Your navigation menu is like a series of doors embedded above-the-fold of your website, which open—hopefully intuitively—to the information each visitor is looking for. While menus don’t receive a whole lot of attention from an aesthetic point of view, they’re one of the primary elements through which visitors will determine—consciously or not—the usability of your site. In other words, if your visitors can’t find what they’re looking for with minimal effort, they’re not likely to stick around long. On the other hand, efficient navigation menu design can boost traffic (and therefore SEO), increase page views, improve user experience, and grow sales.

You’re a web user; we think you know this from a consumer perspective. But it’s not always easy to turn it around and look at it from a web design perspective. So in this post, we start with the basics. Your homepage navigation should:

Include fewer than seven items

We’d recommend even fewer than that; you’re striving for simplicity here. The more items you have in your navigation, the more difficulty your visitors will have processing and remembering them.
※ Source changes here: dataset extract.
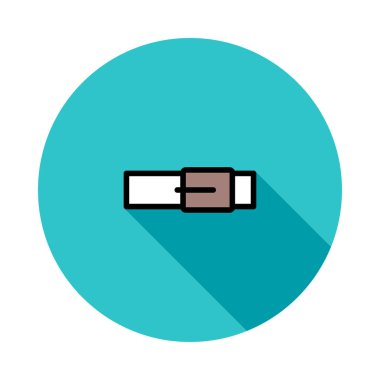 Beyaz arka plan üzerinde izole mavi daire içinde beyaz ve kahverengi kemer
And of course, fewer items means each discrete item is more visually prominent… and thus more likely to be considered by your visitor.

Incorporate a drop-down menu if you must have more than seven items

Maybe you offer a diverse range of products or services, for example… and that’s great! Just keep in mind that drop-down menus present some difficulty for search engine crawlers.

What’s more, do try to keep the drop-down menu to a single level (there’s no sense suddenly overwhelming your visitor at the hover), and signify drop-downs with visual clues, like the arrows Vimeo uses in their navigation:

A screenshot from Vimeo's website showing a dropdown menu under "host videos" with a downward arrow.

Be descriptive

Menu items like “products,” “services,” “photos,” and “videos” aren’t going to do much for your site visitors—not to mention for your SEO efforts. (Why use the word “services” when you can say “skin care” and “reflexology”?)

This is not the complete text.